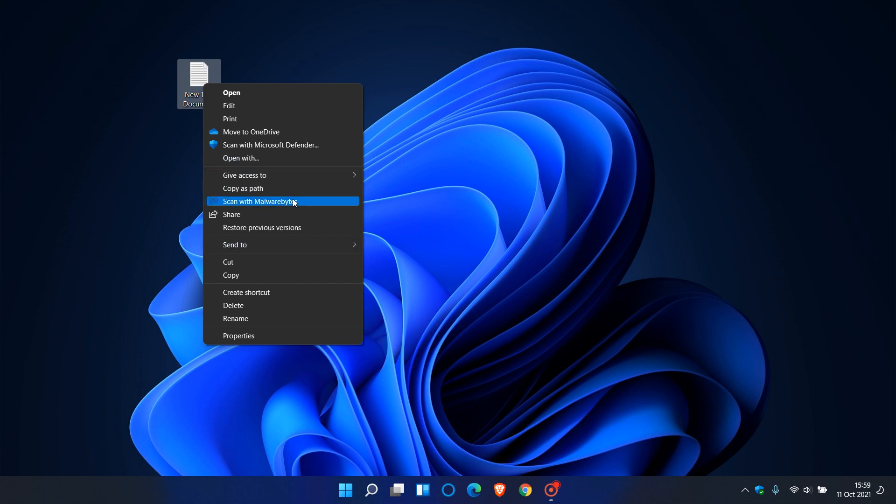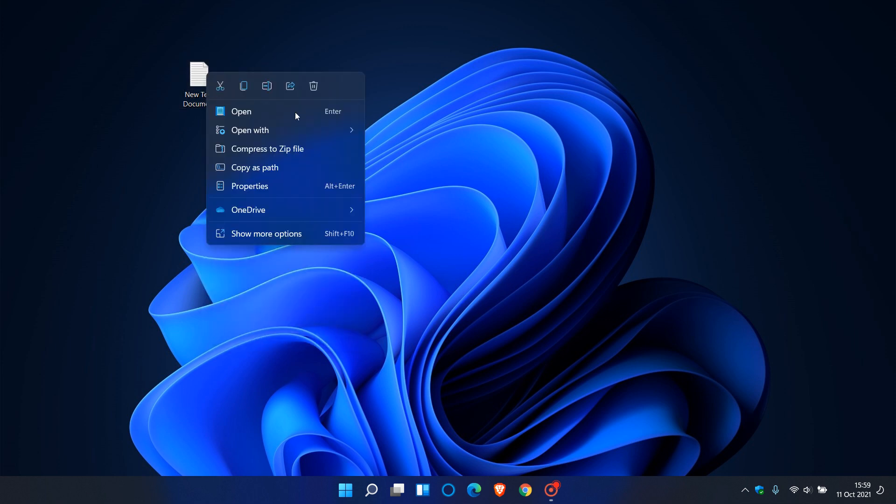Going forward, there's a good chance that more developers will start updating their apps with support for Windows 11's new context menu, having them placed in the first fly-out menu rather than the 'show more options' menu. This will be handy, especially if you use that particular app on a regular basis.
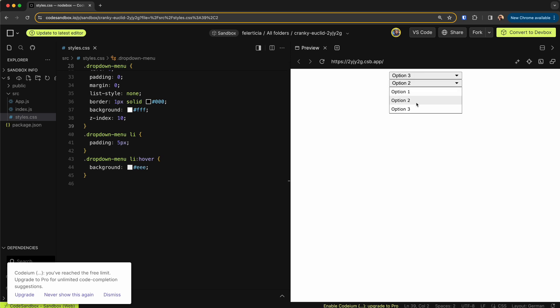And they work independently. So yeah, this was it for the dropdown menu. I hope you enjoyed the video and learned something. If that's the case, please provide a like, comment, or subscribe to my channel to help me provide more content like this, and have a great day.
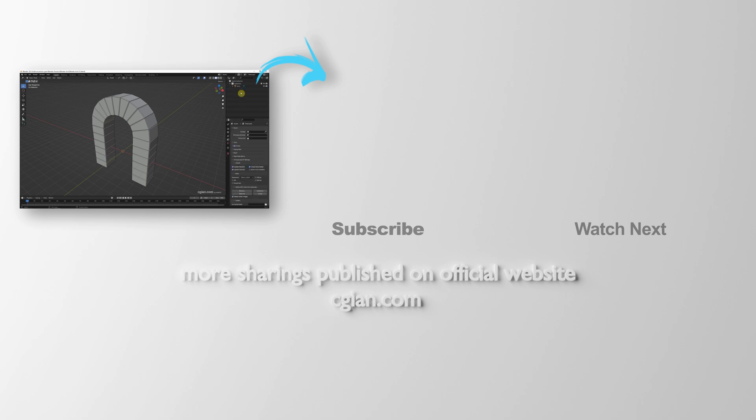This is how we can make an arch in Blender. Thank you for watching this video. Please subscribe to this channel for more videos. I'm Artis V, see you in the next video. Bye bye.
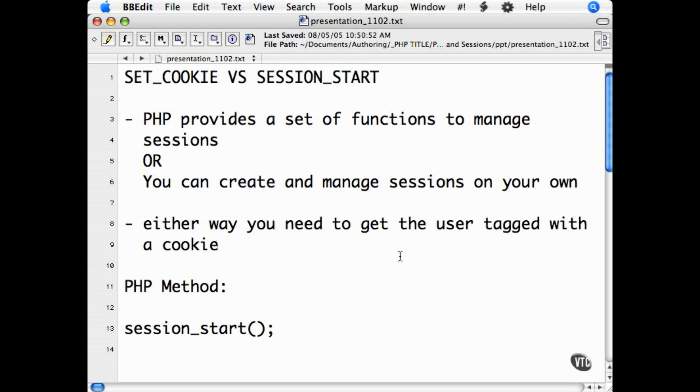PHP has a set of built-in functions for managing sessions. It will automatically handle the setting of a cookie to track the user and automatically manage the session variables, or the data that you are saving specific to the user.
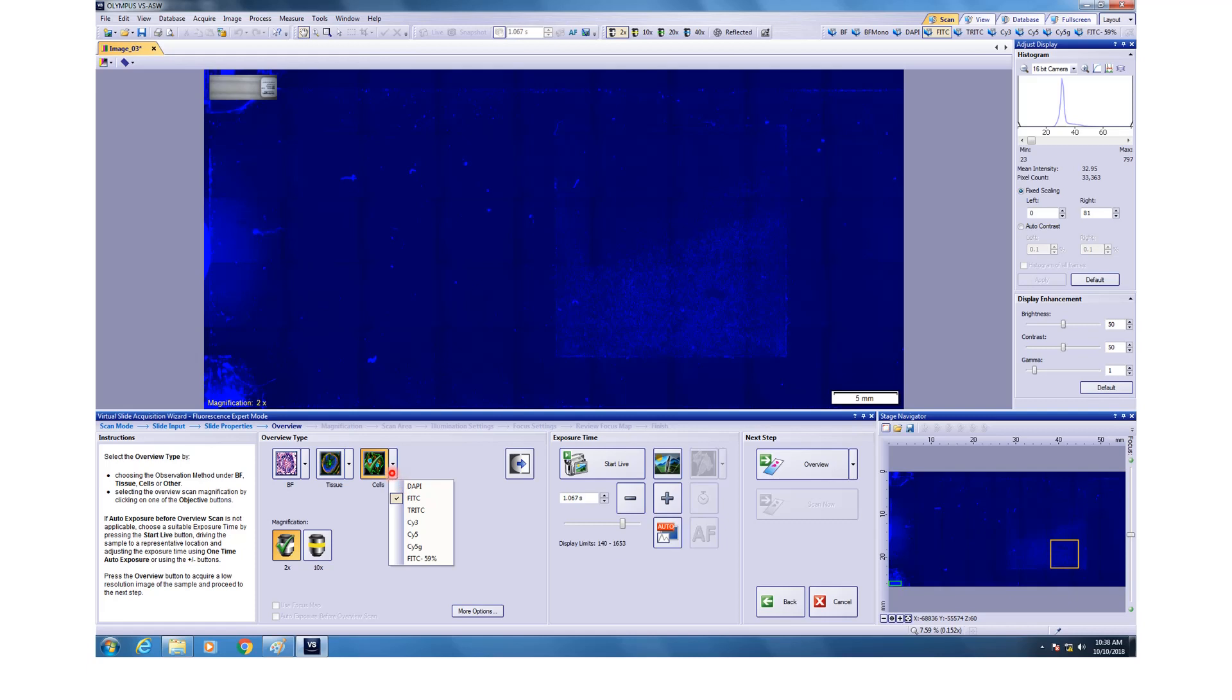And by clicking on this button here, you can get a drop down menu on which channel would you like to get the overview of. For example, this overview was done in DAPI channel. You can also do in the FITC channel or TRITC or any other channel. After this, you click overview.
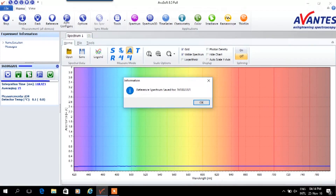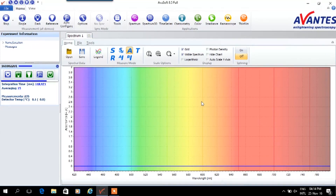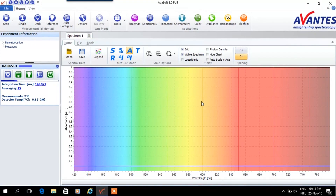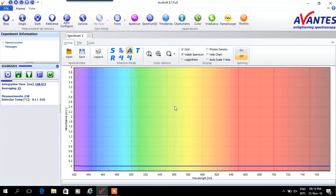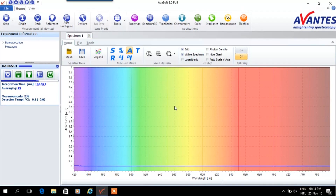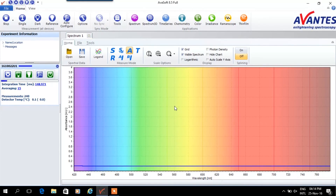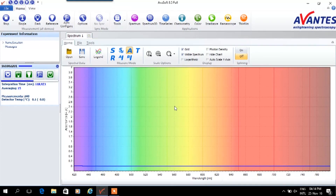The white and dark measurements are used to determine the measurement range of the absorbance measurement. Measurements will be scaled between these two references. We are now ready to measure absorbance on the samples.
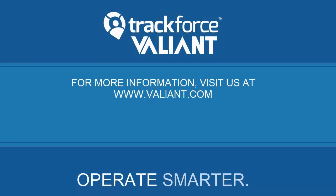Thank you for watching this brief demonstration. However, the best way to get the full experience of TrackForce Valiant's capabilities is to schedule a live online demonstration with one of our specialists. If you'd like to schedule a demonstration or speak with one of our experts, please visit us on the web at www.valiant.com or email us at info at valiant.com. Thank you and have a great day.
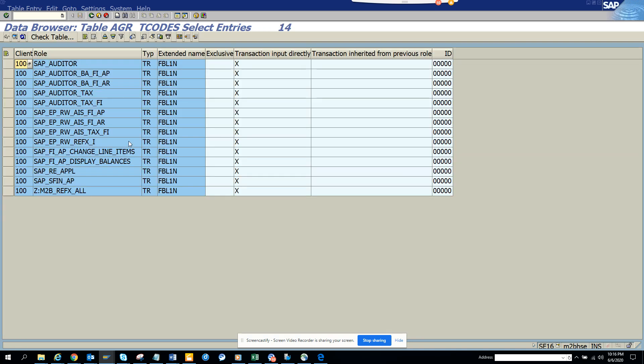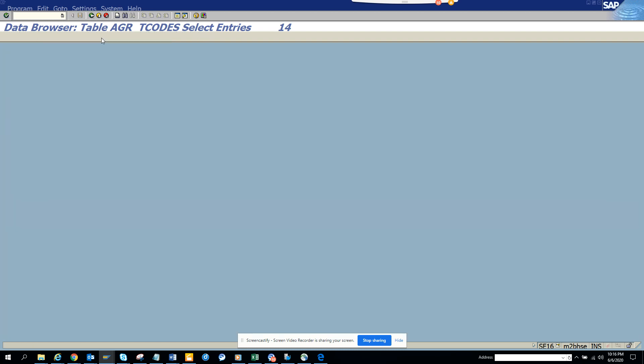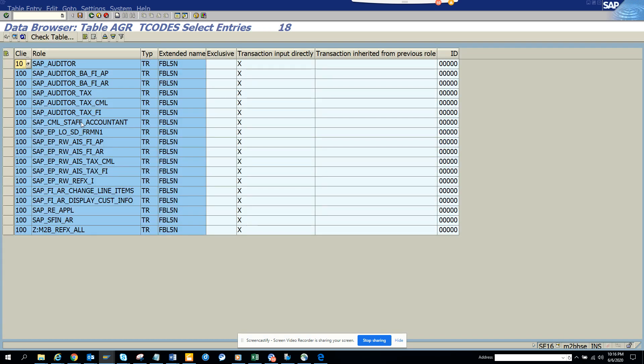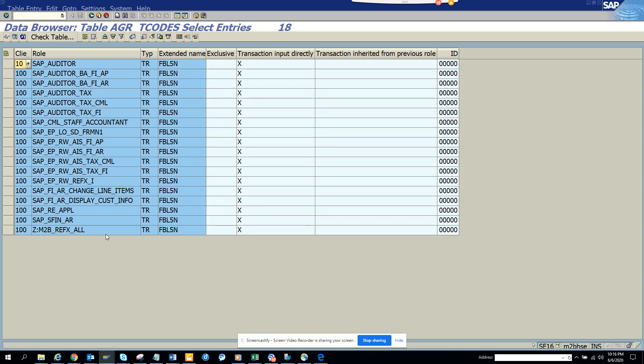We get all the roles related with this T-code. Now if you want, I will put FBL5N, and you can just execute, and there it is. I get everything.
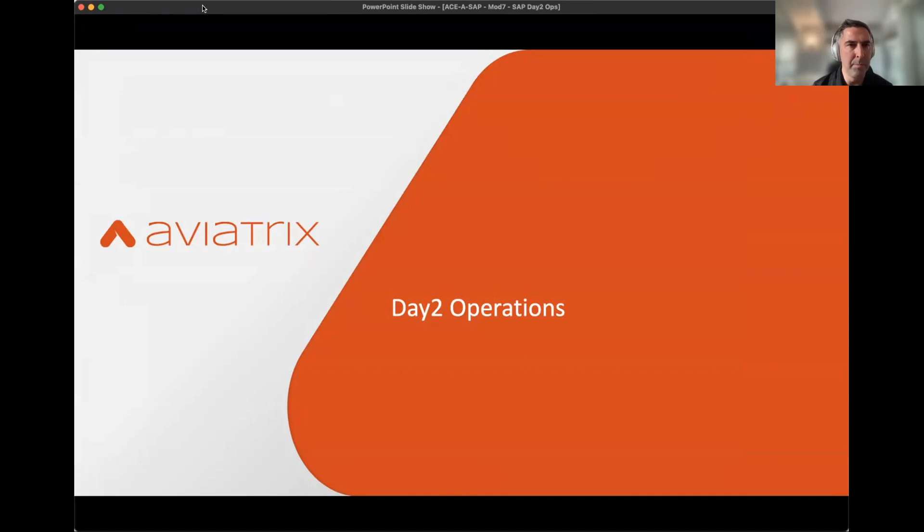This is going to be a couple of slides everyone, and then we'll go into the live demo.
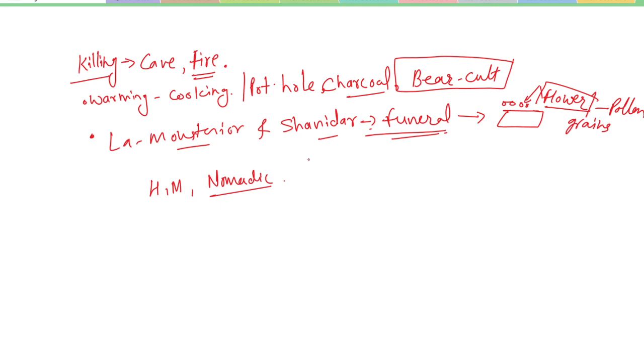Neanderthals had awareness of dignity and independence of individuals and society. In La Chapelle-aux-Saints, remains indicate severe arthritis, and in Shanidar, evidence of surgical operation on the right hand was found.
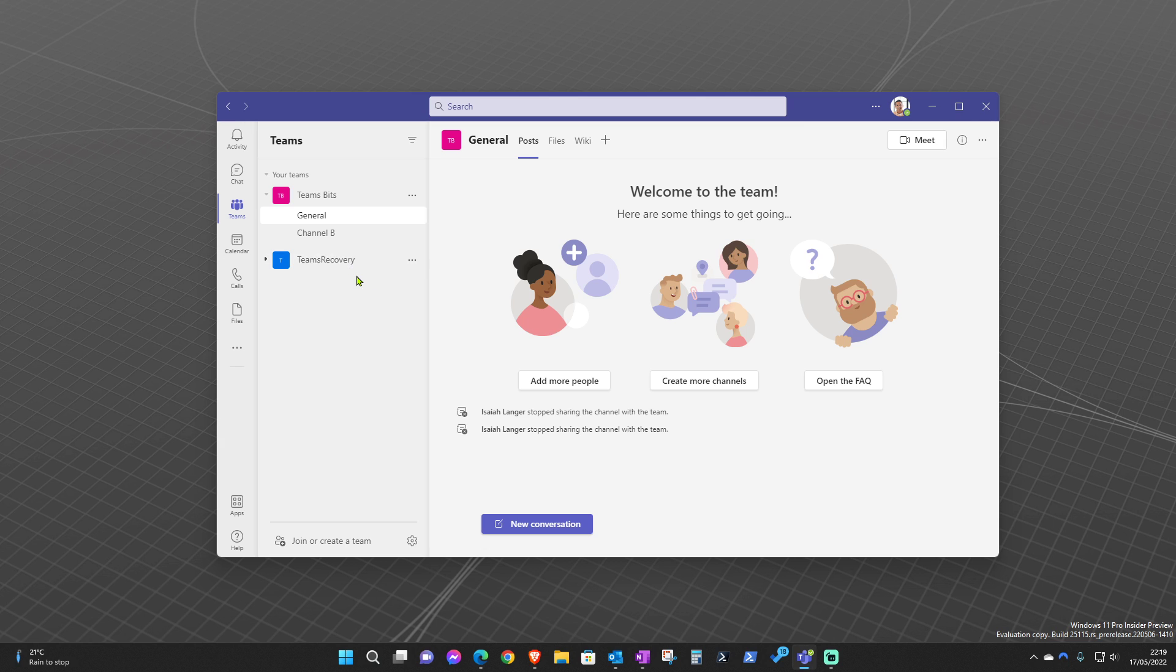Back up, and that's how you recover a team without having any admin rights on your tenant. Great, thanks all for watching and see you on the next one.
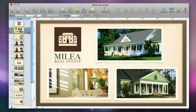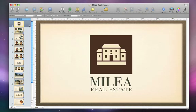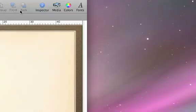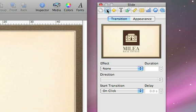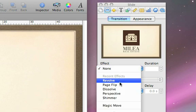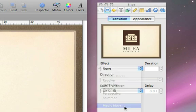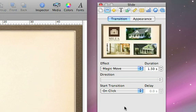To create the transition, select the first slide and open the Slide Inspector. Click Transitions and choose Magic Move from the Effect pop-up menu. To make the transition play more slowly, increase the duration.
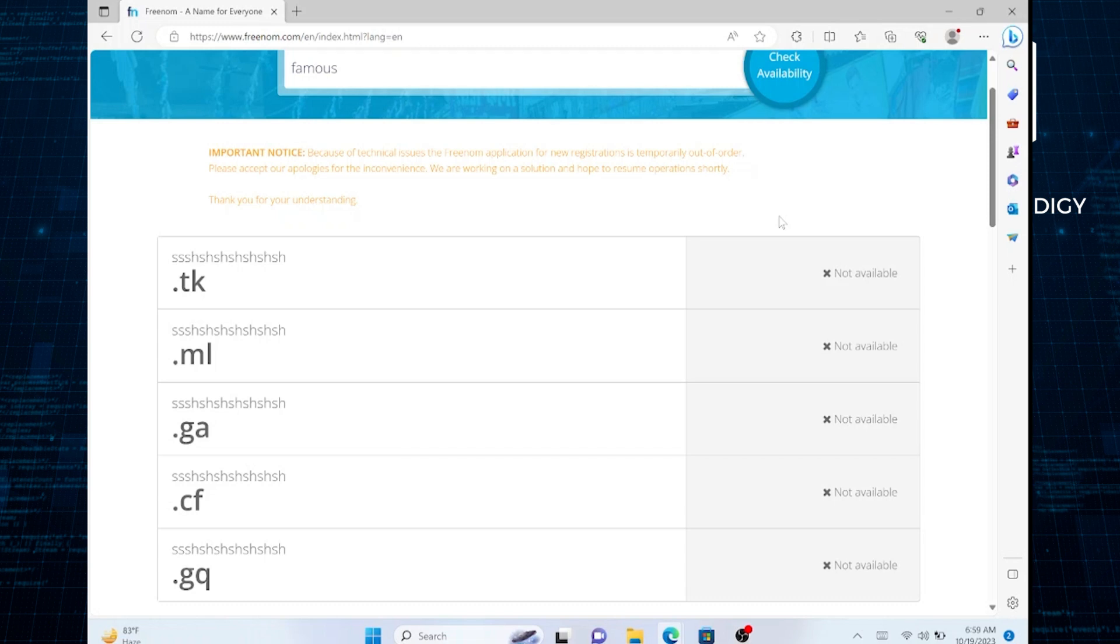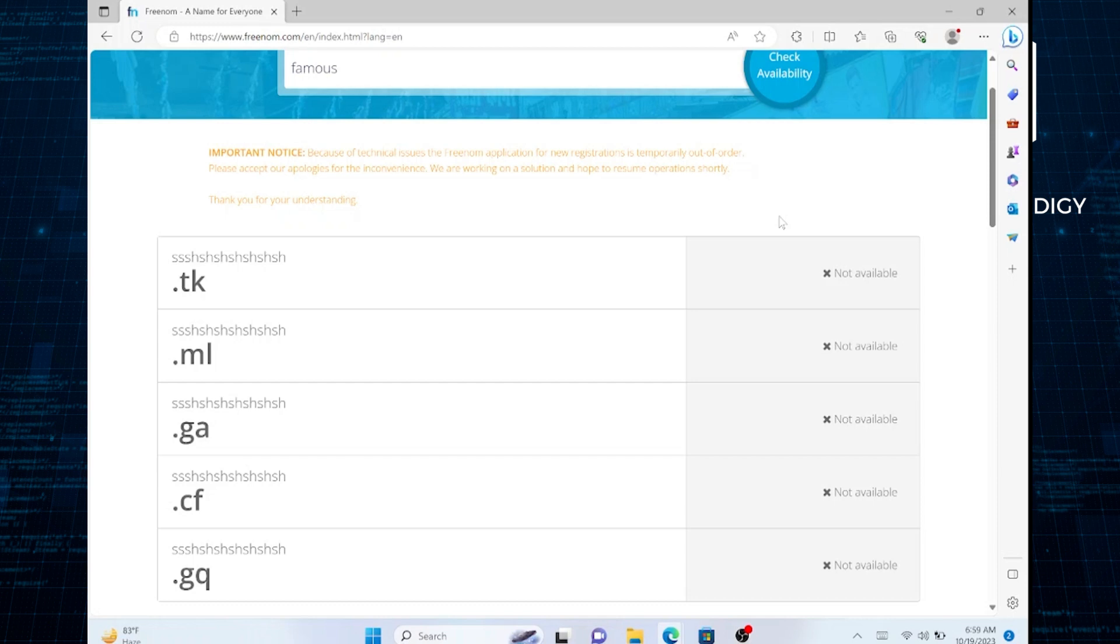If you're encountering a not available issue with a domain on Freenom, it could mean that the domain name you're trying to register is already taken, reserved, or restricted in some way. Here's what you can do to address this issue.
:::::
#### The task:
Reproduce the entries exactly. Do not carry over any picture.

#### Output of the exercise:
Going forward, there's a good chance that more developers will start updating their apps with support for Windows 11's new context menu, having them placed in the first fly-out menu rather than the 'show more options' menu. This will be handy, especially if you use that particular app on a regular basis.
And they work independently. So yeah, this was it for the dropdown menu. I hope you enjoyed the video and learned something. If that's the case, please provide a like, comment, or subscribe to my channel to help me provide more content like this, and have a great day.
This is how we can make an arch in Blender. Thank you for watching this video. Please subscribe to this channel for more videos. I'm Artis V, see you in the next video. Bye bye.
PHP has a set of built-in functions for managing sessions. It will automatically handle the setting of a cookie to track the user and automatically manage the session variables, or the data that you are saving specific to the user.
And by clicking on this button here, you can get a drop down menu on which channel would you like to get the overview of. For example, this overview was done in DAPI channel. You can also do in the FITC channel or TRITC or any other channel. After this, you click overview.
The white and dark measurements are used to determine the measurement range of the absorbance measurement. Measurements will be scaled between these two references. We are now ready to measure absorbance on the samples.
Thank you for watching this brief demonstration. However, the best way to get the full experience of TrackForce Valiant's capabilities is to schedule a live online demonstration with one of our specialists. If you'd like to schedule a demonstration or speak with one of our experts, please visit us on the web at www.valiant.com or email us at info at valiant.com. Thank you and have a great day.
We get all the roles related with this T-code. Now if you want, I will put FBL5N, and you can just execute, and there it is. I get everything.
This is going to be a couple of slides everyone, and then we'll go into the live demo.
Neanderthals had awareness of dignity and independence of individuals and society. In La Chapelle-aux-Saints, remains indicate severe arthritis, and in Shanidar, evidence of surgical operation on the right hand was found.
Back up, and that's how you recover a team without having any admin rights on your tenant. Great, thanks all for watching and see you on the next one.
To create the transition, select the first slide and open the Slide Inspector. Click Transitions and choose Magic Move from the Effect pop-up menu. To make the transition play more slowly, increase the duration.
If you're encountering a not available issue with a domain on Freenom, it could mean that the domain name you're trying to register is already taken, reserved, or restricted in some way. Here's what you can do to address this issue.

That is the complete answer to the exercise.